(Beginning of RECORD EXCERPTS)

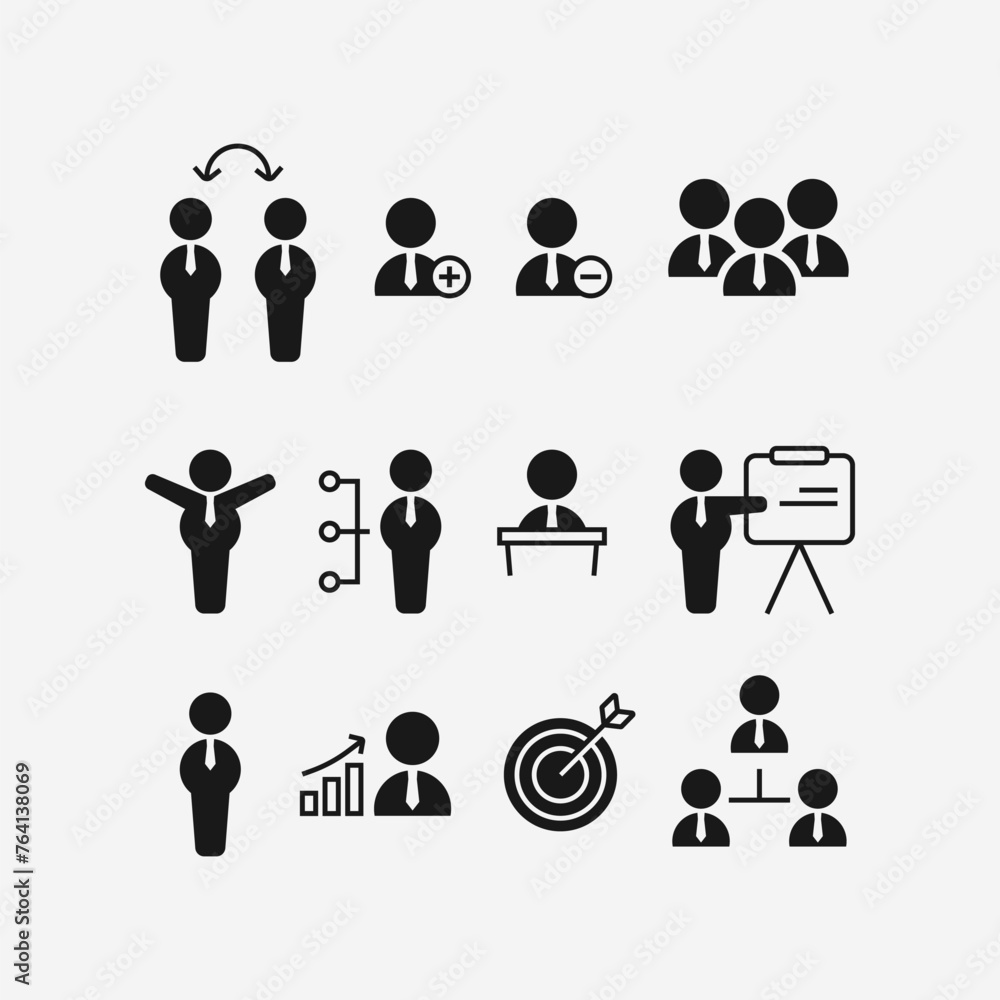 Business Exclusive Black Icon Pack Business Exclusive Black Icon Pack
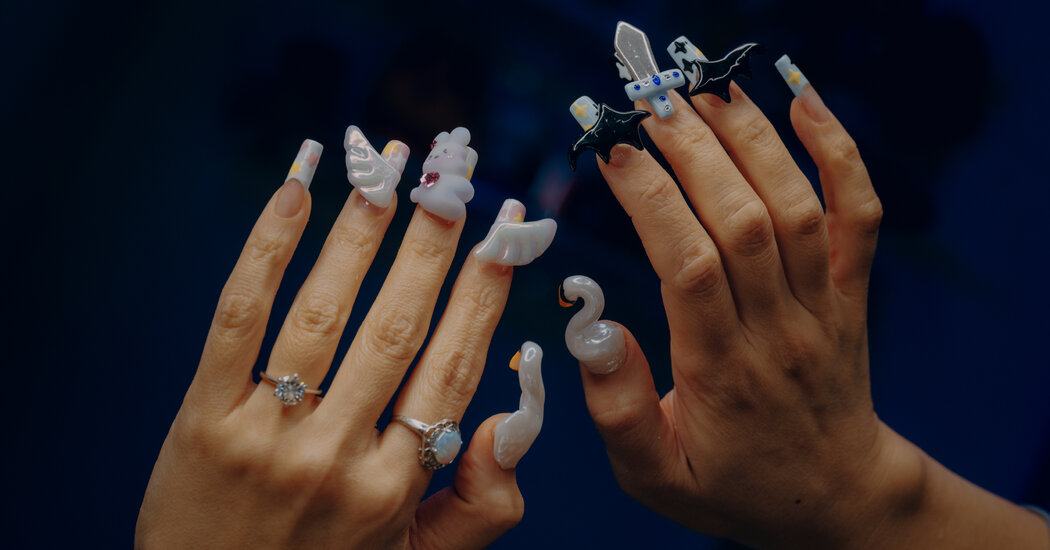 As criações impressionantes do artista de unhas Mei Kawajiri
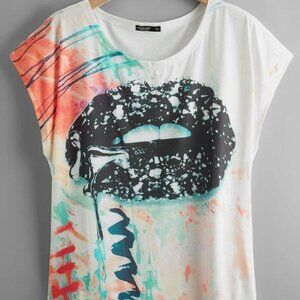 SHEIN Lip Tshirt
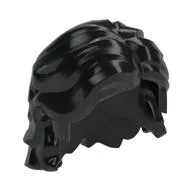 Hair Mid-Length Wavy with Center Part and Sidelocks, Black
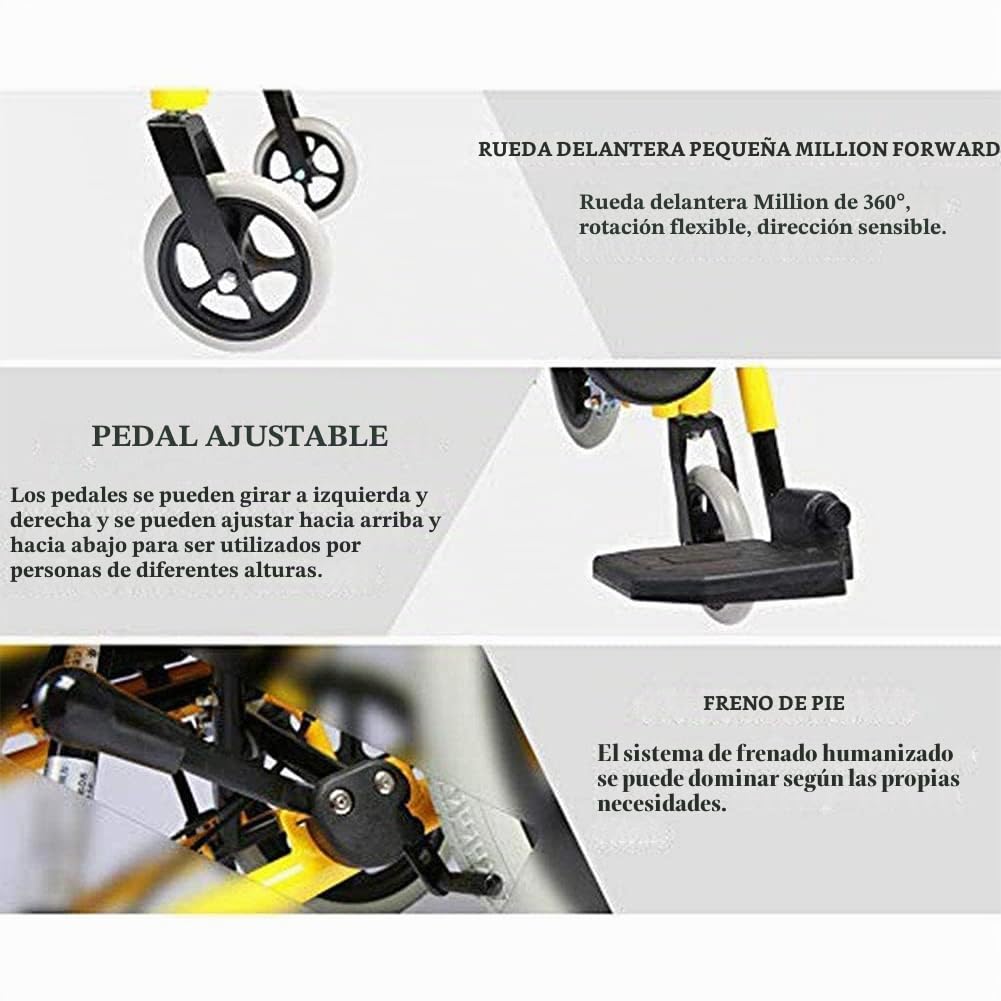 Carro para silla de ruedas para parálisis cerebral, totalmente tumbado, reclinable, médica, para adultos/niños con necesidades especiales, diseño multifuncional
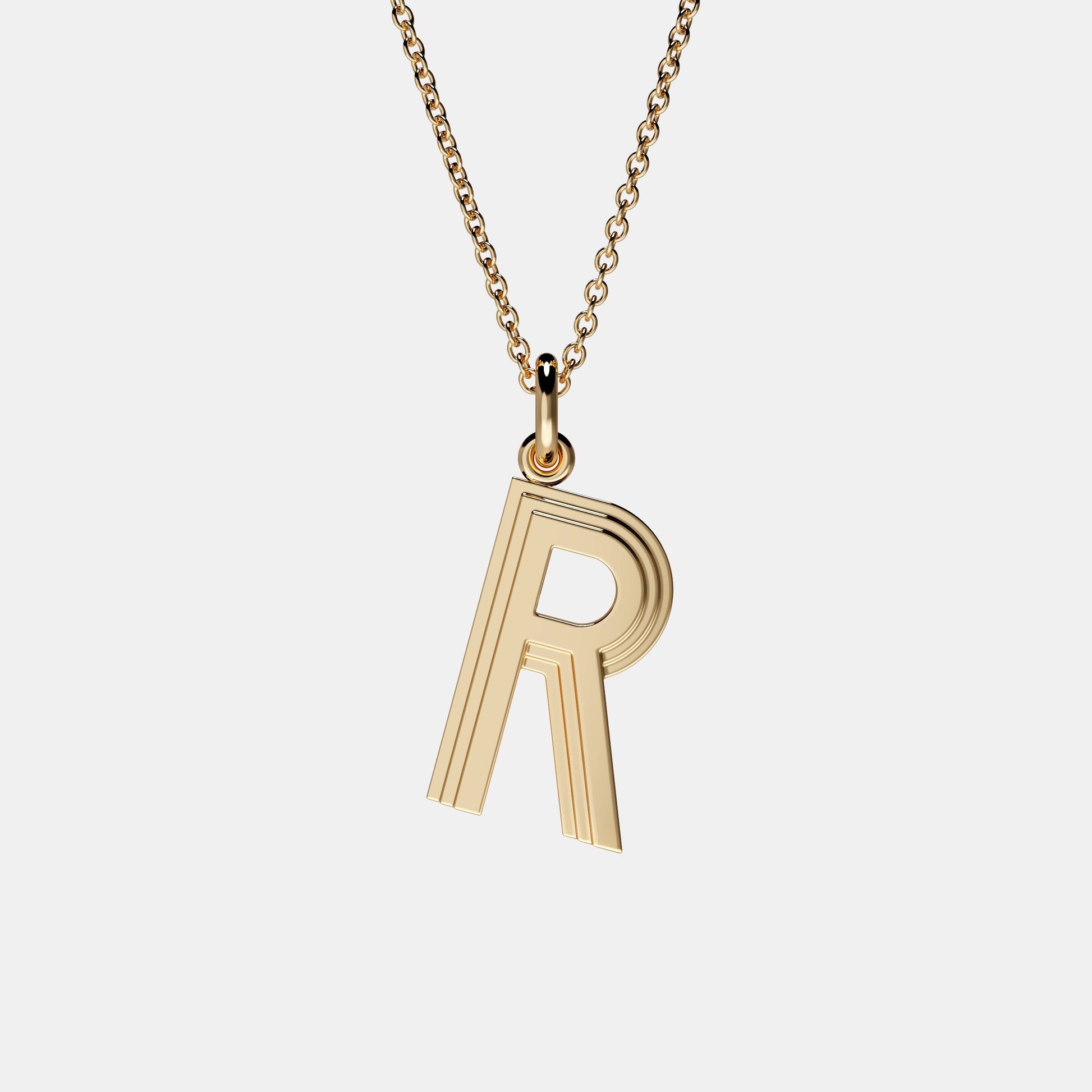 Initial Letter Pendant Necklace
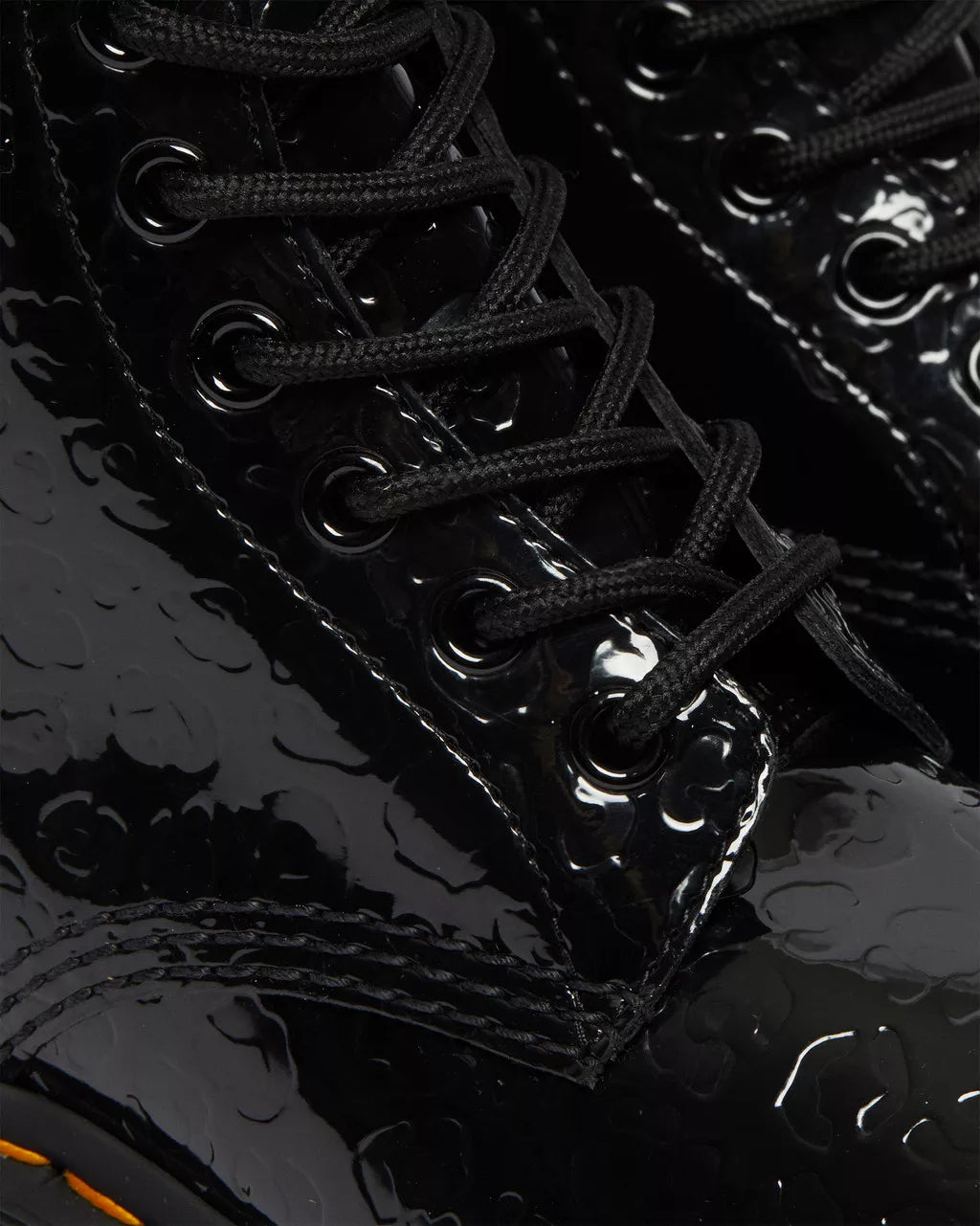 DR. MARTENS - Bottines 1460 LEOPARD  - Noir verni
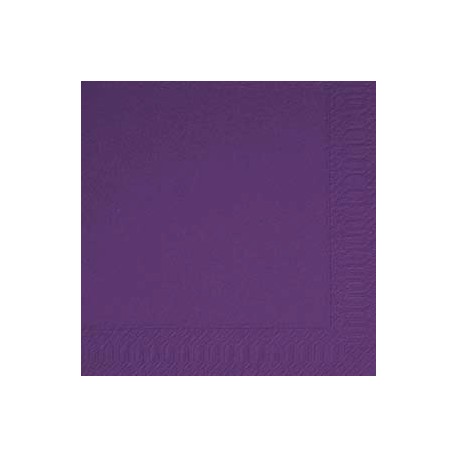 50 Servietten 33x33, 3 lagig, plum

(End of RECORD EXCERPTS)

Your answer is the exact run of lines above from the one with "Hair Mid-Length Wavy" through the one with "DR. MARTENS - Bottines", both ends included, minus any picture.

→ **ANSWER AREA**
 Hair Mid-Length Wavy with Center Part and Sidelocks, Black
 Carro para silla de ruedas para parálisis cerebral, totalmente tumbado, reclinable, médica, para adultos/niños con necesidades especiales, diseño multifuncional
 Initial Letter Pendant Necklace
 DR. MARTENS - Bottines 1460 LEOPARD  - Noir verni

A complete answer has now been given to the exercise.